Yes, this is what I did, or what was done or already recommended.
But aforementioned thread about FR milliard - SP mil (!) dates back from 2006, so it must have been reported long ago.
Do we know if our suggestions will be added to future updates, by any chance?


----------



## swift

Salut Nanon,

En effet, tu peux signaler les erreurs directement à Mike en utilisant le formulaire _Contact Us_. Cependant, Mike ne peut apporter de modifications à ces dictionnaires, car il n'en possède pas les droits : il signale les erreurs aux auteurs du dictionnaire mais c'est à ceux-ci de rectifier les entrées correspondantes.



> If you have a  suggested change for one of those dictionaries, please write to us through the  Contact Us form, and your suggestion will be sent to the publisher.
> 
> http://www.wordreference.com/english/suggestions.aspx?w=stacker&dict=enes


Il est de nombreuses erreurs qui ont été signalées à plusieurs reprises, mais elles n'ont pas été corrigées. 

Bises,


J.


----------



## Nanon

Salut J. et merci .

But then - and sorry if I sound too insistent on this matter - I suppose it helps if forum threads provide the right answer...
I don't want to be obnoxious and much less to create problems with licensed contents, but we want to deliver reliable information, don't we?


----------



## swift

Yes, we do. And, yes, it _might_ be helpful, given that WR forums are an extension of the dictionaries. In the best of the cases, those threads are closed; but some of them are deleted .


----------



## mkellogg

Hi,

We are not allowed to alter the text of the licensed dictionaries, even if they are wrong.

With Oxford's dictionaries, I pass all suggested changes on to the publisher.  I do know that they consider each suggestion, and often write back the person who suggested the change.  When I get new versions of their dictionaries, the corrections are included.

I haven't had so much luck with Espasa.  I still keep a record of all the comments, but there is no easy way for me to send them to them and for them to make the changes.  It is quite disappointing.

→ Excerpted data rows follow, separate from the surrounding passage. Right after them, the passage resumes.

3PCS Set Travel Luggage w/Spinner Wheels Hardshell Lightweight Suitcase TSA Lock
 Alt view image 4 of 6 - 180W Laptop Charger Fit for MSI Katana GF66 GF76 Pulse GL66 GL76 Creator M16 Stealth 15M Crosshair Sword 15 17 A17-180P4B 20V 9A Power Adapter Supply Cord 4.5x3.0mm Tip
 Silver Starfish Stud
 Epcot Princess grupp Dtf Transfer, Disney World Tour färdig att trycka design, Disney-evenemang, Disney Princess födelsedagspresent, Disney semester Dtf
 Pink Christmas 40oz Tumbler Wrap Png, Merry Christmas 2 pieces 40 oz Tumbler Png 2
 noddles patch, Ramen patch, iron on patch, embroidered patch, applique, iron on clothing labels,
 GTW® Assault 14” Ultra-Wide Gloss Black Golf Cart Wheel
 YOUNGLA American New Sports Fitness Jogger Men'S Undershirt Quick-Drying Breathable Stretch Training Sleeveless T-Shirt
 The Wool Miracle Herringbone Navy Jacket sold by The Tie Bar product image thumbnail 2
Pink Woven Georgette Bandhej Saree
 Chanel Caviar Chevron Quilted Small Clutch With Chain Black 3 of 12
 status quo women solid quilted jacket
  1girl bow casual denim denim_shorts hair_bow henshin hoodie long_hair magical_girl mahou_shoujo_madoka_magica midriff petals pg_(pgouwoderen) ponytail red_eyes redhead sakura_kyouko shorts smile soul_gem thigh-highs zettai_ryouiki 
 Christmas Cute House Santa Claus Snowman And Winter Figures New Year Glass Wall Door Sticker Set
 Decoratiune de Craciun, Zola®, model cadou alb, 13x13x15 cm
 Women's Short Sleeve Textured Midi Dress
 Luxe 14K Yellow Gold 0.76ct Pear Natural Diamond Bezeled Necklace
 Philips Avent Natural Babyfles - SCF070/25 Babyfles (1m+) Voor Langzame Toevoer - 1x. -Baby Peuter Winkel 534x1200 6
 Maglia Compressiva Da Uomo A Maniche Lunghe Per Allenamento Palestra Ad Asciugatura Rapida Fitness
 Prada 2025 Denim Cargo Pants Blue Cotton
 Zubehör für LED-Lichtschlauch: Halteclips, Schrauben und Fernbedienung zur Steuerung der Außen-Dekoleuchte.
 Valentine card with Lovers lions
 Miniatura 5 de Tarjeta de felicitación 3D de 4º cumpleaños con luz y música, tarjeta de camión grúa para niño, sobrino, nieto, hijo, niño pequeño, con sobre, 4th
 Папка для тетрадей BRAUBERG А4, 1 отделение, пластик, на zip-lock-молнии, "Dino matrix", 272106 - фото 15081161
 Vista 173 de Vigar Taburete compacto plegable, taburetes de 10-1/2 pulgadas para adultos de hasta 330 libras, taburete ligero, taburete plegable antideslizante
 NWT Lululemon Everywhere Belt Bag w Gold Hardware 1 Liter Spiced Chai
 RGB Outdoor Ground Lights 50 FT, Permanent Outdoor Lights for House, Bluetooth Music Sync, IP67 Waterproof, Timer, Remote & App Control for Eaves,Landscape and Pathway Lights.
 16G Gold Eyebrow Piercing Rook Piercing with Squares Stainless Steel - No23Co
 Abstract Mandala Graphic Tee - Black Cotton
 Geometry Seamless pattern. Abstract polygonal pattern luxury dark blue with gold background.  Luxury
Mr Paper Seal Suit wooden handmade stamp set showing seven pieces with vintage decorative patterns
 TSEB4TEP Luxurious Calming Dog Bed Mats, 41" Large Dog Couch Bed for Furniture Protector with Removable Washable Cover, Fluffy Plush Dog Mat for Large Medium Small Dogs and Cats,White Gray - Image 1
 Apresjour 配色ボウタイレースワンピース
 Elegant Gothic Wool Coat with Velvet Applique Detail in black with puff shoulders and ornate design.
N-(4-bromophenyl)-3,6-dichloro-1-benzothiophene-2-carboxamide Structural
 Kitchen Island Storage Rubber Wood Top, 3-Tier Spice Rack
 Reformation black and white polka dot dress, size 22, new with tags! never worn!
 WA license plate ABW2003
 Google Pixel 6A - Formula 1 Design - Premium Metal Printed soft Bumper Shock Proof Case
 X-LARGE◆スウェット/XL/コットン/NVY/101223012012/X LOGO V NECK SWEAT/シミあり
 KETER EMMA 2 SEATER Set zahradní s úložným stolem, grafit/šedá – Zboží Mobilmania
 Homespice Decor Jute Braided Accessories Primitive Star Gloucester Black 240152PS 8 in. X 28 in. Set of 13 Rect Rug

Having said this, I hope to find a better solution, especially for the Espasa dictionaries, in the next few months. Nanon, ask me again in September if you don't hear anything more from me about this.

Mike


----------



## swift

Good morning, Mike.

Thanks for your message.

I think I speak for both (Anne and myself) when I say that keeping a record of those mistakes in the forums may be a good idea. Unfortunately, whenever a forero points out one of those errors in the forums, his or her thread is closed and then deleted. Is there anything we can do in order to advise the users of the dictionaries? I mean, is there any other way to make those mistakes known so that any user of the dictionaries may find the good translations?

Best,


J.


----------



## Nanon

You do speak for both, José. Un millón . To Mike too .
Another problem is that if we discuss errors here in C&S, no link is created in the dictionary page. Only threads (open or closed) published in respective language forums create links (cf. aforementioned "milliard" entry - there is no link remitting to the related discussion in C&S).
Honestly, I don't want to sound obnoxious and I suspect that handling these license agreements must not be easy!...


----------



## Cintia&Martine

Coucou,

Avant nous supprimions ces fils en recommandant au foriste d'utiliser le _Suggestions_ mais comme nous n'avions pas de résultats maintenant pour pallier le problème, dans le EF, nous indiquons :¡ERROR en el diccionario! + le mot.
Ce n'est qu'un pis aller .
Voir

Un beso


----------



## Nanon

Coucou Martine,

Triste constat mais c'est toujours ça de gagné... Bises .


----------